Dos Reis Esther Camilo, Caneppa Santiago, Vasconcelos Pedro, de Lima Santos Paulo Caleb Júnior
INFAR - Instituto de Farmacologia e Biologia Molecular, Universidade Federal de São Paulo (UNIFESP), São Paulo, Brasil.
Research and Development Area, Gntech Exames, Florianópolis, Santa Catarina, Brazil.
Pharmacogenomics. 2024;25(14-15):573-578. doi: 10.1080/14622416.2024.2429946. Epub 2024 Nov 20.

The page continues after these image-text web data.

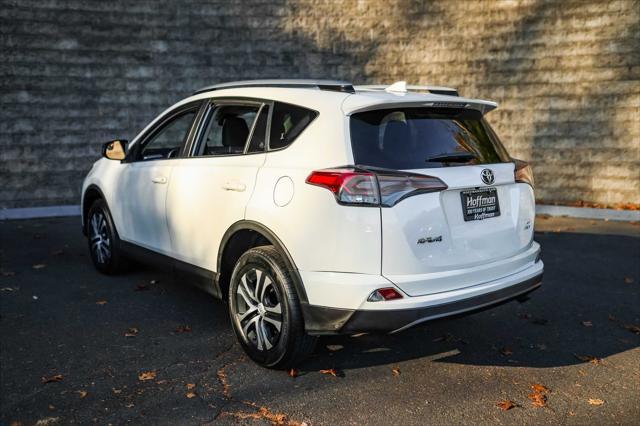 used 2017 Toyota RAV4 car, priced at $17,250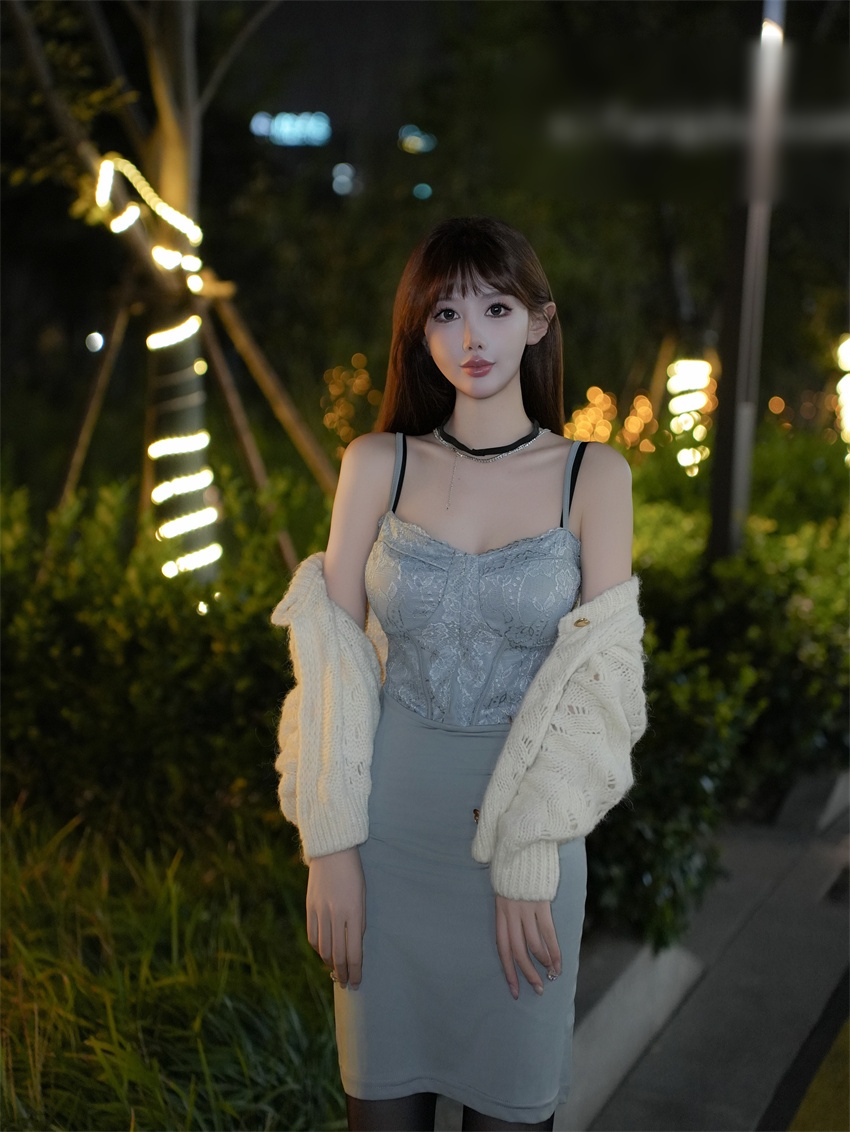 秀人网 李金金极品美女新作黑丝高跟超 80P1V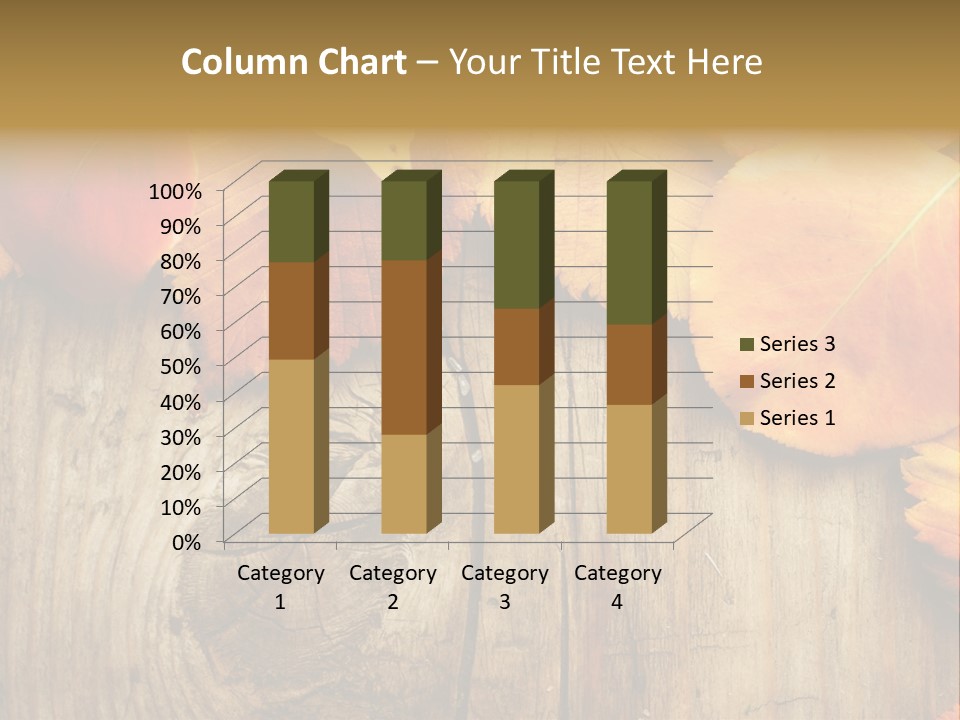 Copy Space Rusted PowerPoint Template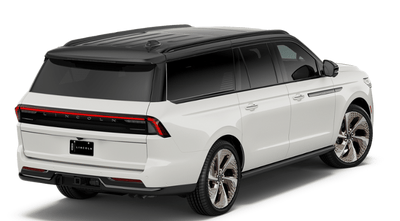 2026 Lincoln Navigator L Black Label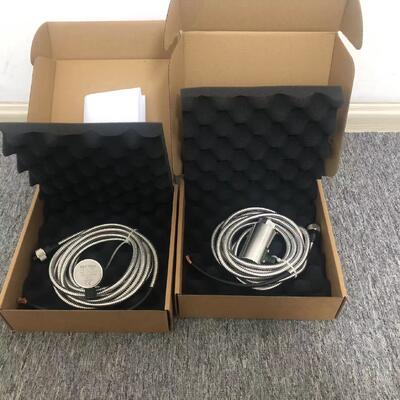 Germany Original B&K VS-068/VS-069 Vibration Velocity Sensor 10M Cable IP55 Protection 1% Accuracy 1 Year Warranty Operating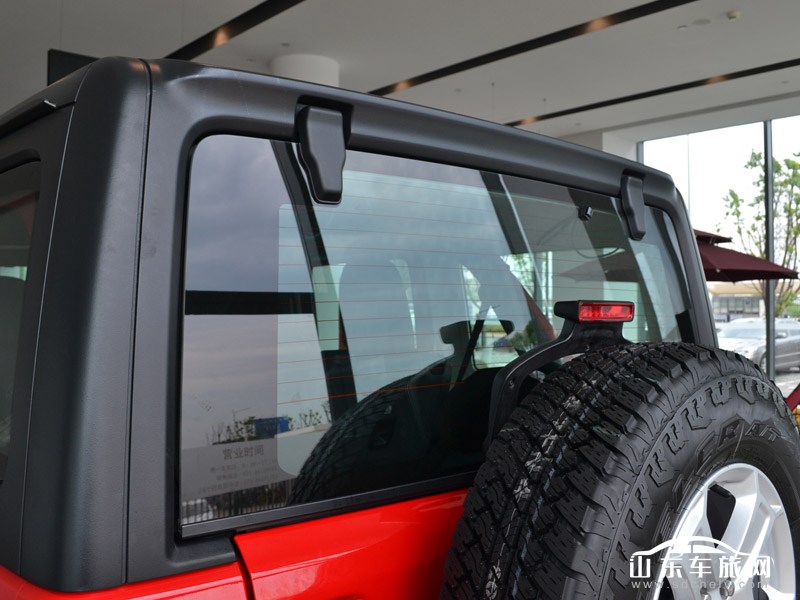 2018款 Jeep牧马人 其它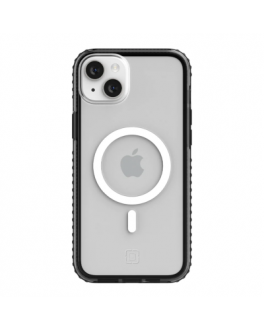 Etui do iPhone 14 Plus Incipio Grip MagSafe - Czarne/Przeźroczyste - zdjęcie główne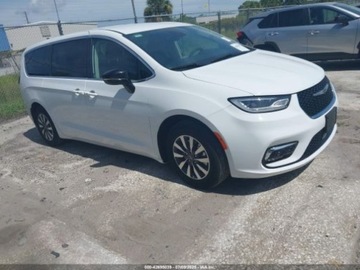 Chrysler Pacifica II 2024 Chrysler Pacifica 2024 CHRYSLER PACIFICA HYBRID SELECT 3.6 Hybryda 260KM, zdjęcie 1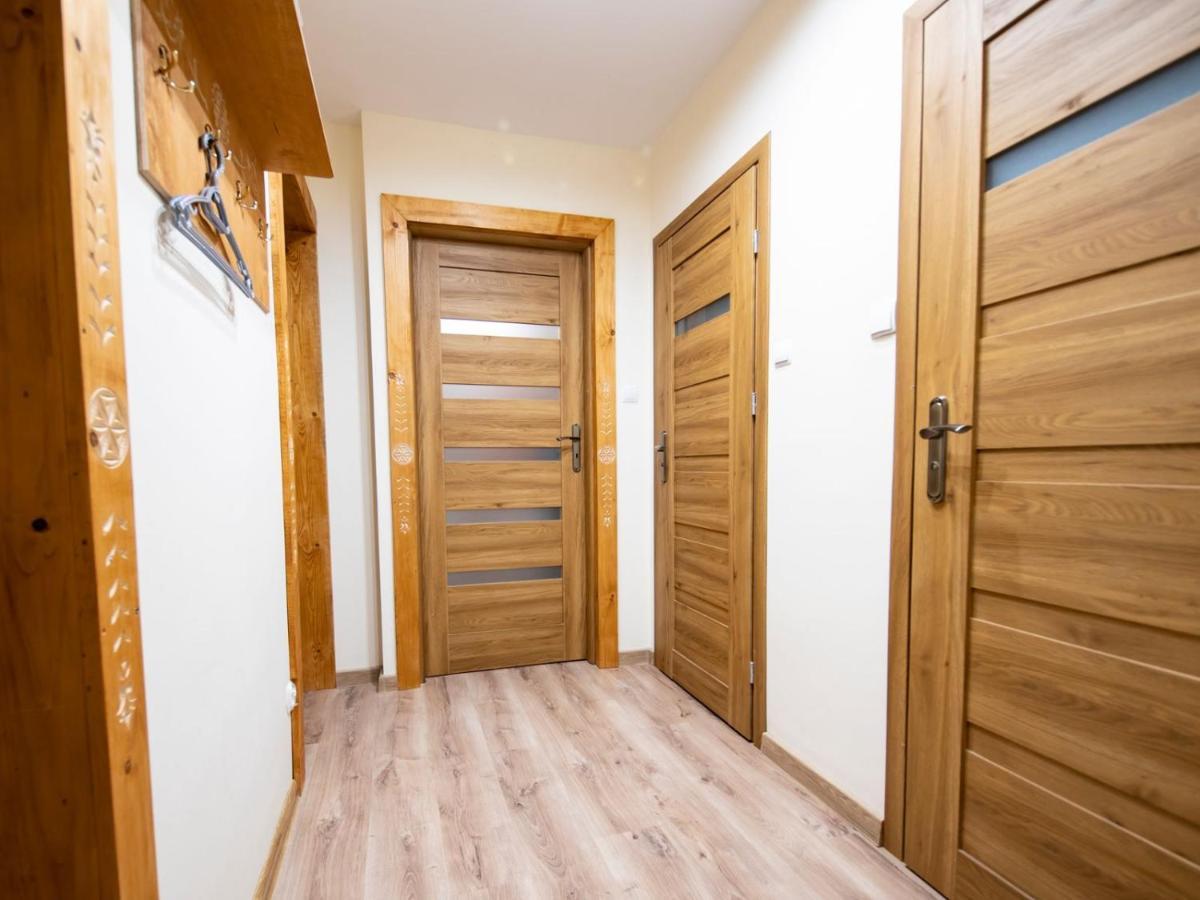 Apartamenty Malgorzatka Zakopane Exterior foto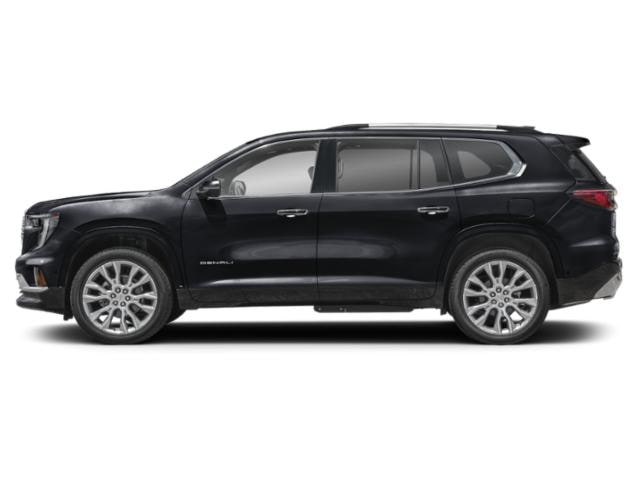 2025 GMC Acadia Ebony Twilight Metallic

This paper presents a methodology for automatically extracting insights from PubMed articles using a Natural Language Processing (NLP) framework. Our approach, leveraging advanced NLP techniques and Named Entity Recognition (NER), is crucial for advancing pharmacogenomics and other scientific fields that benefit from streamlined access to literature through automated services like RESTful APIs.Building a new NLP model presents several challenges. First, it is essential to have a thorough understanding of the field in order to define relevant entities. Second, the construction of a diverse and consistent set of examples is crucial. Finally, the effective utilization of pre-established models is of paramount importance, as demonstrated in this work.Our model, validated via ten-fold cross-validation, achieved over 70% recall and precision for all entities in the training set. We provide a reproducible pipeline for the scientific community and propose a structured approach for qualitative analysis and clustering of results. This methodology refines literature reviews, optimizes knowledge extraction, and supports broader application across diverse research domains. An online platform could further extend these benefits to researchers, educators, and practitioners.
本文介绍了一种使用自然语言处理(NLP)框架从PubMed文章中自动提取见解的方法。我们的方法利用先进的NLP技术和命名实体识别(NER),对于推进药物基因组学和其他科学领域至关重要,这些领域受益于通过像RESTful API这样的自动化服务简化对文献的访问。构建一个新的NLP模型存在几个挑战。首先,必须对该领域有透彻的了解,以便定义相关实体。其次,构建一组多样化且一致的示例至关重要。最后,如本工作所示,有效利用预先建立的模型至关重要。我们的模型通过十折交叉验证进行了验证,在训练集中对所有实体的召回率和精确率均超过70%。我们为科学界提供了一个可重复的流程,并提出了一种用于结果定性分析和聚类的结构化方法。这种方法改进了文献综述,优化了知识提取,并支持在不同研究领域的更广泛应用。一个在线平台可以进一步将这些好处扩展到研究人员、教育工作者和从业者。